• **Captioned web images**
----
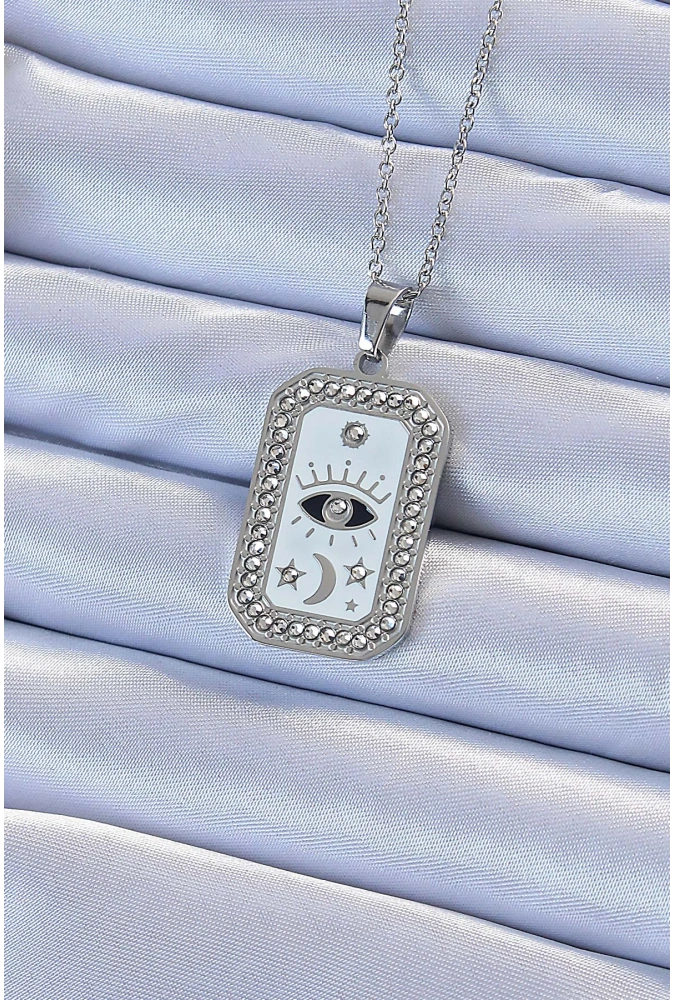Shoecide 316l Çelik Zincir Gümüş Renk Mineli Zirkon Taşlı Göz Figür Tarot Kolye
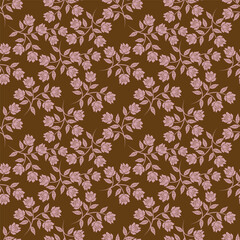 Seamless vintage pattern abstract. wonderful pink flowers, golden leaves on a dark blue background. vector texture . trend print for textiles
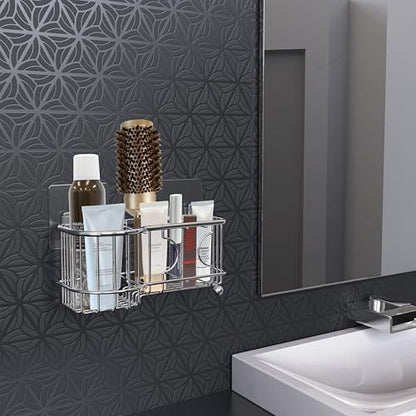 Simple Houseware Stainless Steel 6 Slots Adhesive Wall Toothbrush Holder | (3.4" D x 7.8" L x 3.8" H) - color: Chrome, size: Wall-Mounted / Freestanding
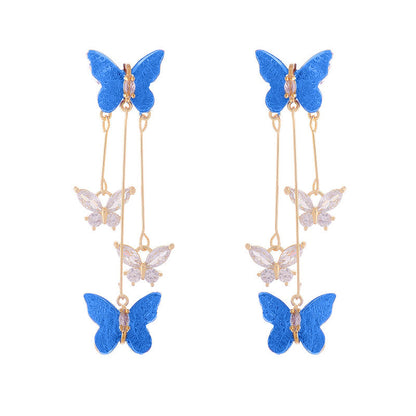 Crystal Butterfly Tassel Earrings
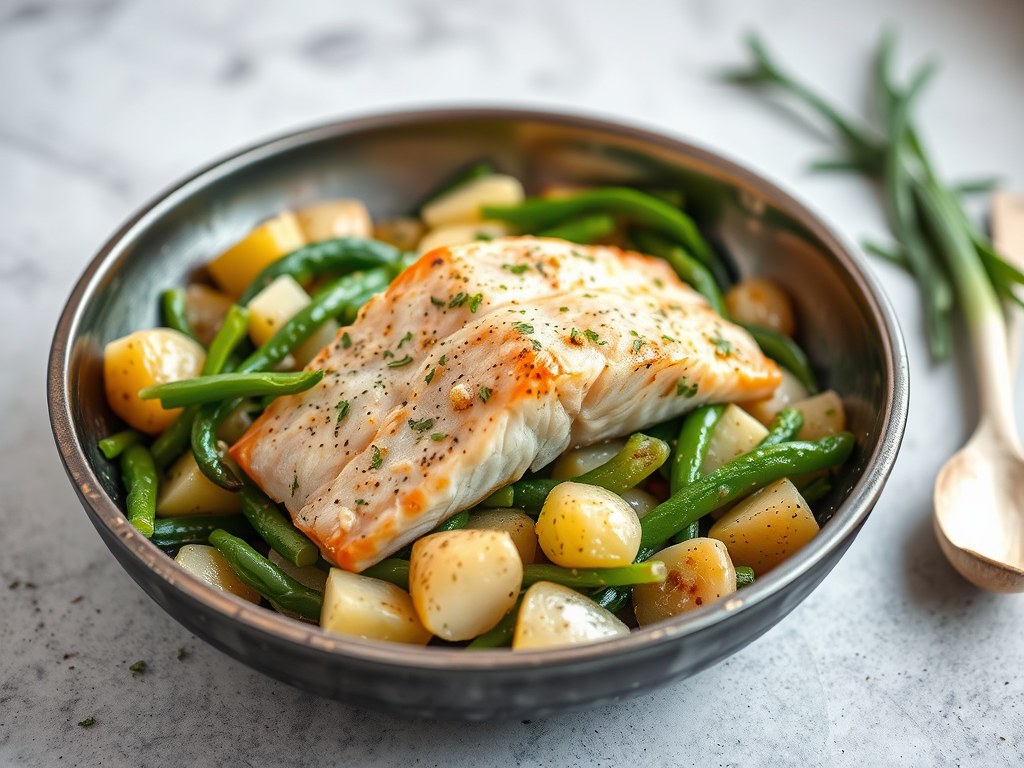 Zalm met een toplaag van tuinkruiden met prei, AI-gegenereerde illustratie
----
• **YOUR INSTRUCTIONS**
Write out each entry word for word, images excluded.

• **ANSWER BOX**
Shoecide 316l Çelik Zincir Gümüş Renk Mineli Zirkon Taşlı Göz Figür Tarot Kolye
 Seamless vintage pattern abstract. wonderful pink flowers, golden leaves on a dark blue background. vector texture . trend print for textiles
 Simple Houseware Stainless Steel 6 Slots Adhesive Wall Toothbrush Holder | (3.4" D x 7.8" L x 3.8" H) - color: Chrome, size: Wall-Mounted / Freestanding
 Crystal Butterfly Tassel Earrings
 Zalm met een toplaag van tuinkruiden met prei, AI-gegenereerde illustratie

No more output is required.